Exactly as written, reproduce the lines from the beginning of the data through the line containing "Hoegoa Biotin Hair"; the pictures are not reproduced.

● DATASET EXCERPT:
=== Section Start ===

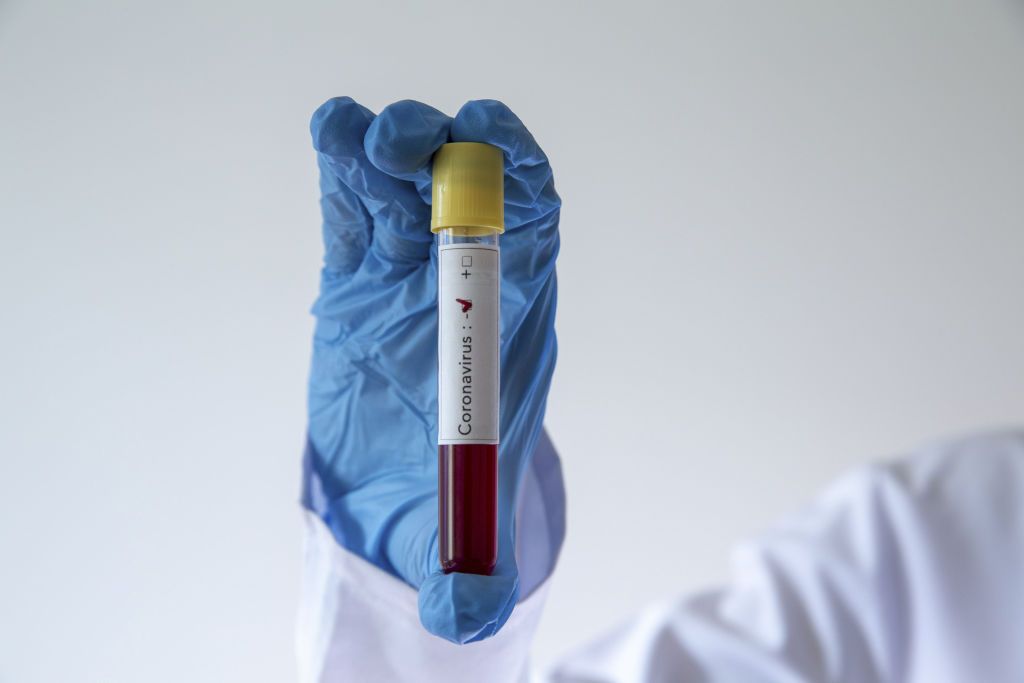 هولندا: تجربة جديدة لكشف ”كورونا“ من خلال اختبارات الدم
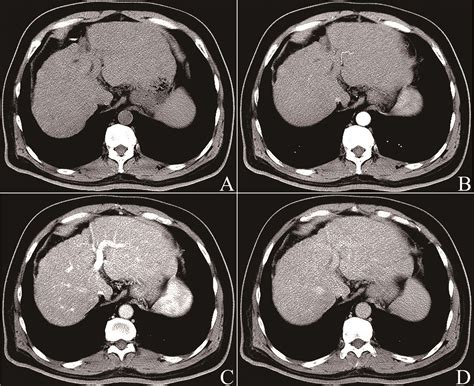 Giant Hepatic Regenerative Nodule In A Patient With Hepatitis B Virus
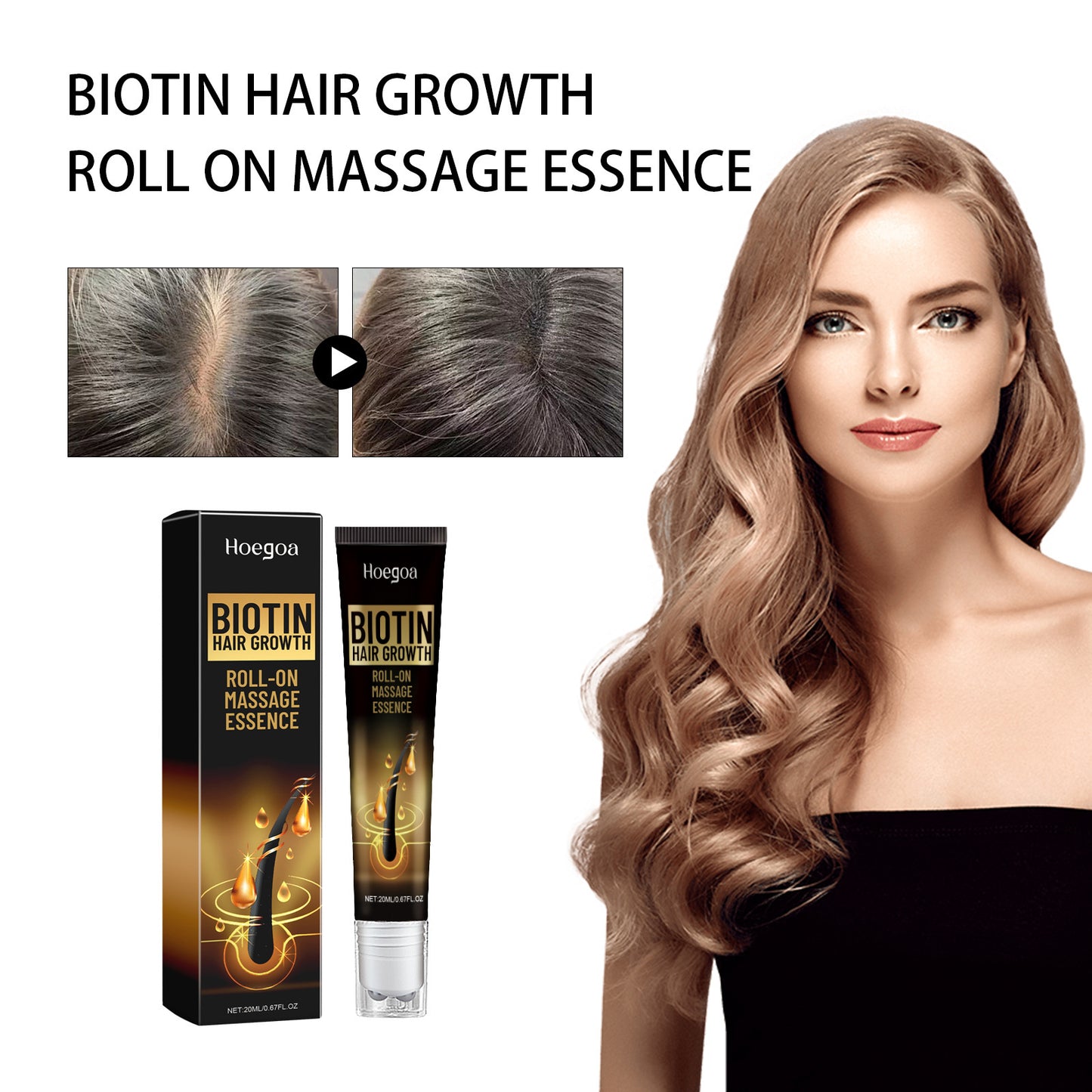 Hoegoa Biotin Hair Growth Roll On Massage Essence, Strong Hair Nourishing Hair Root Repair Dry Hair Essence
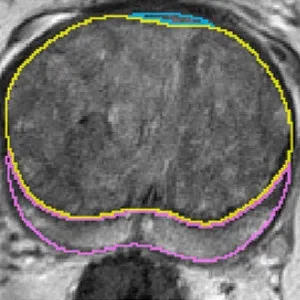 Towards Patient-Individual PI-Rads v2 Sector Map: Cnn for Automatic Segmentation of Prostatic Zones From T2-Weighted MRI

=== Section End ===

● ANSWER TO THE EXERCISE:
 هولندا: تجربة جديدة لكشف ”كورونا“ من خلال اختبارات الدم
 Giant Hepatic Regenerative Nodule In A Patient With Hepatitis B Virus
 Hoegoa Biotin Hair Growth Roll On Massage Essence, Strong Hair Nourishing Hair Root Repair Dry Hair Essence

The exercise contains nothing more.